New York - Poultry giant Tyson Inc. raised its unsolicited bid for beef processor IBP Inc. by nearly 4% to $2.9 billion in cash and stock and offered to compensate its target if the deal was blocked for antitrust reasons.

Springdale, Ark-based Tyson said it would pay $27 a share for IBP, up from its previous offer of $26 a share. The offer is half cash and half stock.

IBP already has a friendly $2.4-billion pact with DLJ Merchant Banking, but that agreement is expected to be terminated in favor of a deal with Tyson or rival bidder Smithfield Foods Inc., which has offered $25 a share in stock and also is expected to sweeten its price.

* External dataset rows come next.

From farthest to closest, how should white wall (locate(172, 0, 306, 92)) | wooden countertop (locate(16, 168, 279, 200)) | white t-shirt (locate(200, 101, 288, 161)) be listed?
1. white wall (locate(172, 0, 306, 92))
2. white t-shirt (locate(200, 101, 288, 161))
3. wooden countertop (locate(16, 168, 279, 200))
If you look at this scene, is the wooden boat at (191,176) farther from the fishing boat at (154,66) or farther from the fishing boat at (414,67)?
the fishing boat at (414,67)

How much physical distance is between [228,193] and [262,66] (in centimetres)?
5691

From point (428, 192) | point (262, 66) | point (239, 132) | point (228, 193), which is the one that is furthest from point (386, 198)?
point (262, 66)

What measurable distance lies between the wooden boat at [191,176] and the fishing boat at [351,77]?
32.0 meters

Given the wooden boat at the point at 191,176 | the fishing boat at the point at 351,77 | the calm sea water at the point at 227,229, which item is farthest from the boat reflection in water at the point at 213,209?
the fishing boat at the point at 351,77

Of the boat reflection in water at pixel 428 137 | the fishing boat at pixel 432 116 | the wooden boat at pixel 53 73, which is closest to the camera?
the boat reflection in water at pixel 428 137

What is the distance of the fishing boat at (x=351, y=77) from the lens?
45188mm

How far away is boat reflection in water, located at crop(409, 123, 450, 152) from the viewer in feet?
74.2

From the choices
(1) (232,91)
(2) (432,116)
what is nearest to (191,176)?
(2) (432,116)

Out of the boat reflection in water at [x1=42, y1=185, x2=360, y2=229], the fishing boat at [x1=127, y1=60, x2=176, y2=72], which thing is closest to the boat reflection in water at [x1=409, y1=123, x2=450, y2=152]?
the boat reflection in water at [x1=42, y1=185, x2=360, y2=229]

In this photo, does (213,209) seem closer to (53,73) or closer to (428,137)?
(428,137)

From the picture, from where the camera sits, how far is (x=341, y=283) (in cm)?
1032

“We remain the best bidder, with the best terms -- representing a premium of 8% over Smithfield's offer -- and in the best position to close quickly,” said Tyson Chairman, President and Chief Executive John Tyson in a news release.

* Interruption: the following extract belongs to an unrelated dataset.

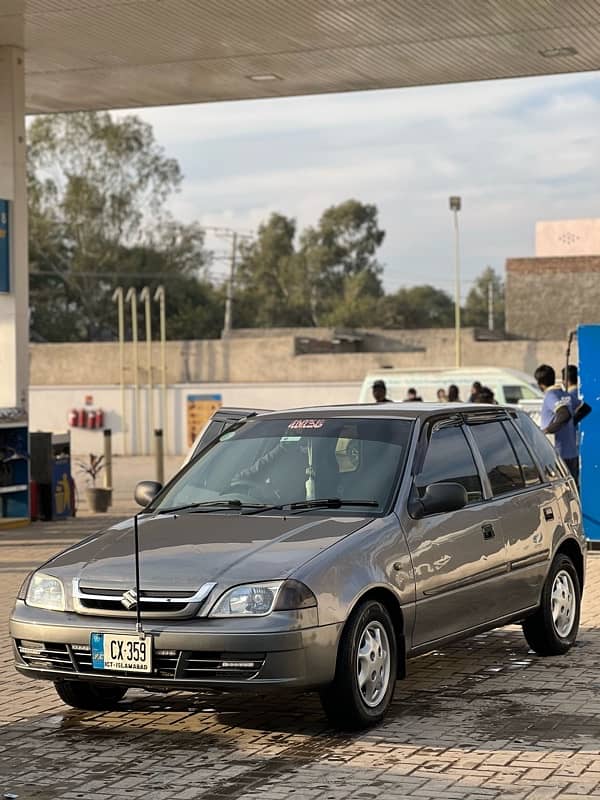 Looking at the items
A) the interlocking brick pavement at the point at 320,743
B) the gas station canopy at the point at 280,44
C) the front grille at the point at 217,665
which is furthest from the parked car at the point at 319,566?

Both bidders are interested in IBP as a way to broaden their product offerings and give them more clout with retailers. Smithfield, based in Smithfield, Va., is the world's largest hog and fresh pork producer.

Farmers, agricultural officials and consumer activists are concerned a purchase of IBP by either Tyson or Smithfield would be anticompetitive.

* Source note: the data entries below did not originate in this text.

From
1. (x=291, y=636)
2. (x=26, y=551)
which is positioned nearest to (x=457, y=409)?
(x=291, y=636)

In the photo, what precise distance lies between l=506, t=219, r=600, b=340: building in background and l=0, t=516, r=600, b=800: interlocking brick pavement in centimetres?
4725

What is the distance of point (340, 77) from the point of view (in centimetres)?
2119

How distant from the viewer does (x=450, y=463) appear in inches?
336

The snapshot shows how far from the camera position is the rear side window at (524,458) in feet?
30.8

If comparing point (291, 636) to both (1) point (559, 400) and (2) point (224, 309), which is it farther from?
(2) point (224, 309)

Indeed, Tyson also said Thursday the Department of Justice was seeking additional information about its proposed offer. Known as a “second request” the development means regulators are concerned about potential anticompetitive implications of a transaction between two companies.

Tyson said it expects to quickly respond to the concerns. Most Wall Street experts had anticipated Tyson would receive a second request. Smithfield also has filed for antitrust approval on its offer, and also is expected to get a second request.

To alleviate some of those concerns, Tyson offered to assume all risks associated with antitrust issues and said it would pay IBP a $70-million break- up fee if the deal did not get completed because of antitrust concerns. It also said it would not require a break-up fee from IBP.

Tyson also challenged a bidding process established by IBP in which it said bids were to be submitted Dec. 30.

“We believe it is inappropriate to now move the process behind closed doors without the opportunity for the marketplace to react to the various bids,” Tyson wrote in a letter written to the IBP special committee that is assessing the offers.

Although it sweetened the bid, Tyson did not widen the so-called “collar” that would protect IBP shareholders from a decline in Tyson's stock price. Tyson's stock price has hovered near the collar and frequently traded below it in recent weeks, meaning IBP shareholders could potentially receive less than $27 a share.

Industry experts have said IBP would look more favorably upon a Tyson deal if the collar were to be widened.

The collar calls for IBP shareholders to receive $27 a share in stock if Tyson's stock price was trading between $12.60 and $15.40 a share for a certain period of time. If Tyson's price fell below $12.60 a share for that period, IBP shareholders would receive a maximum of 2.063 Tyson shares.